◆ **PROBLEM**:
Would you transcribe the listing that follows word for word, skipping pictures?

◆ **GIVEN MATERIAL**:
-*-*-

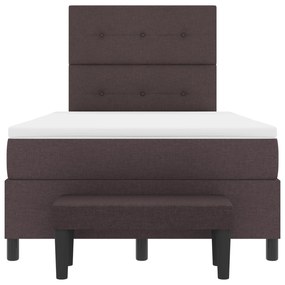 Cama Box Spring com Colchão &amp; Banco Castanho Escuro 120x190 cm Tecido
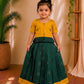 (CTS012)Classic mustard yellow and bottle green ikkat print set.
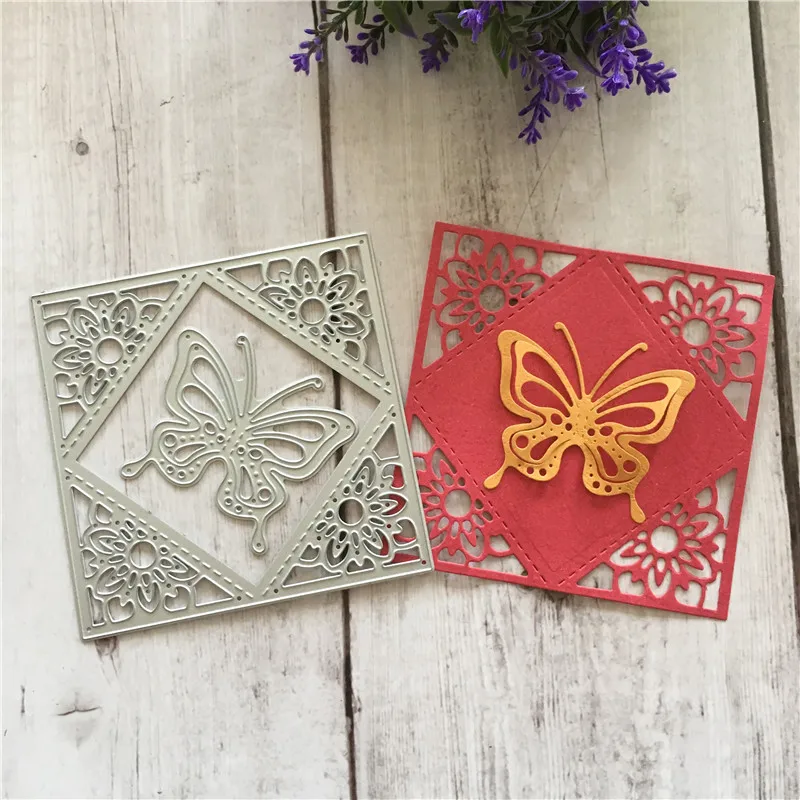 

DIY flower butterfly square box Scrapbooking Card Album Album Scrapbooking Embossing Paper Dies Cut Metal Craft Template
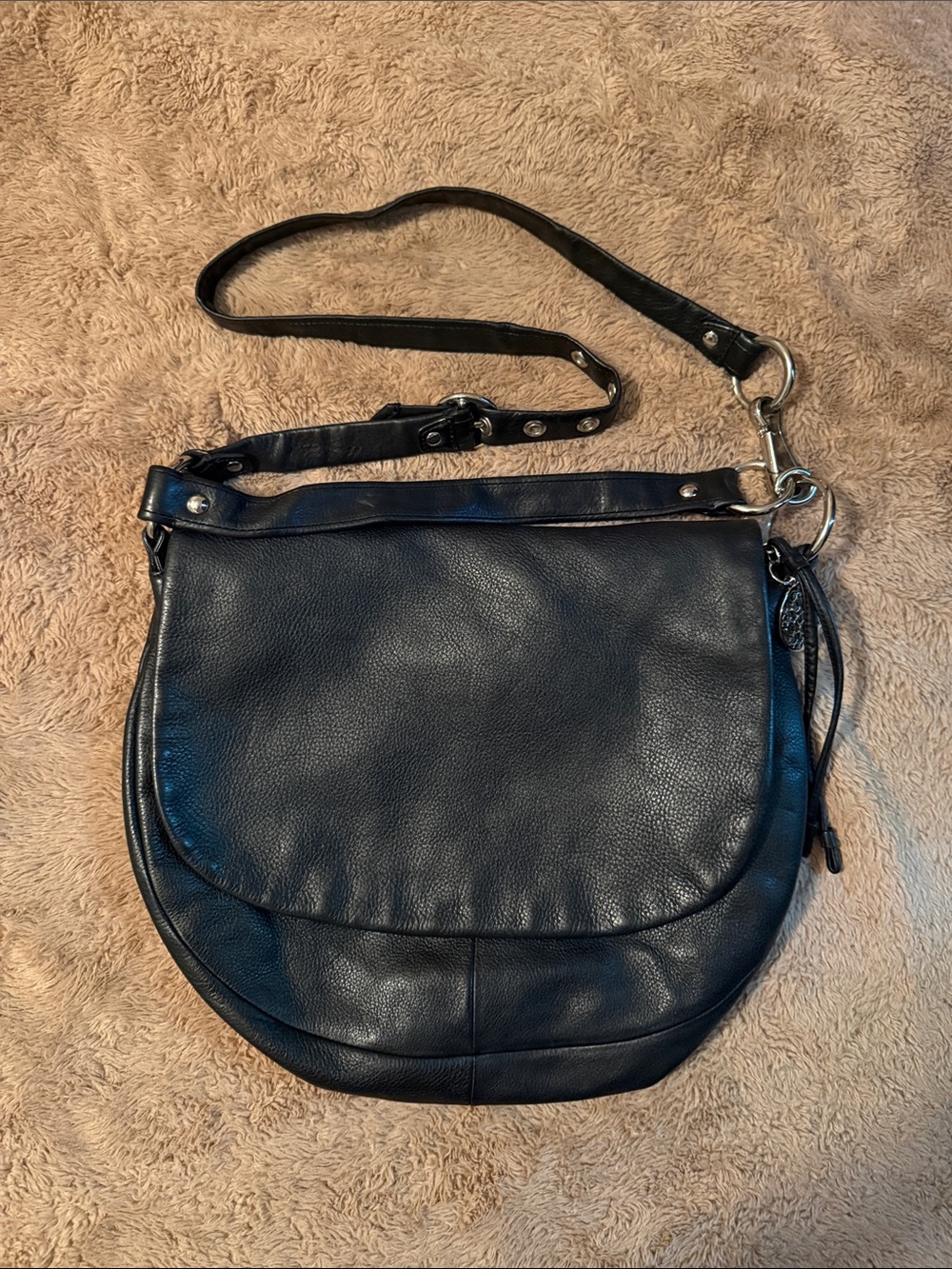 Coach Black Leather Crossbody Saddle Bag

-*-*-

◆ **SOLVED EXERCISE**:
 Cama Box Spring com Colchão &amp; Banco Castanho Escuro 120x190 cm Tecido
 (CTS012)Classic mustard yellow and bottle green ikkat print set.

DIY flower butterfly square box Scrapbooking Card Album Album Scrapbooking Embossing Paper Dies Cut Metal Craft Template
 Coach Black Leather Crossbody Saddle Bag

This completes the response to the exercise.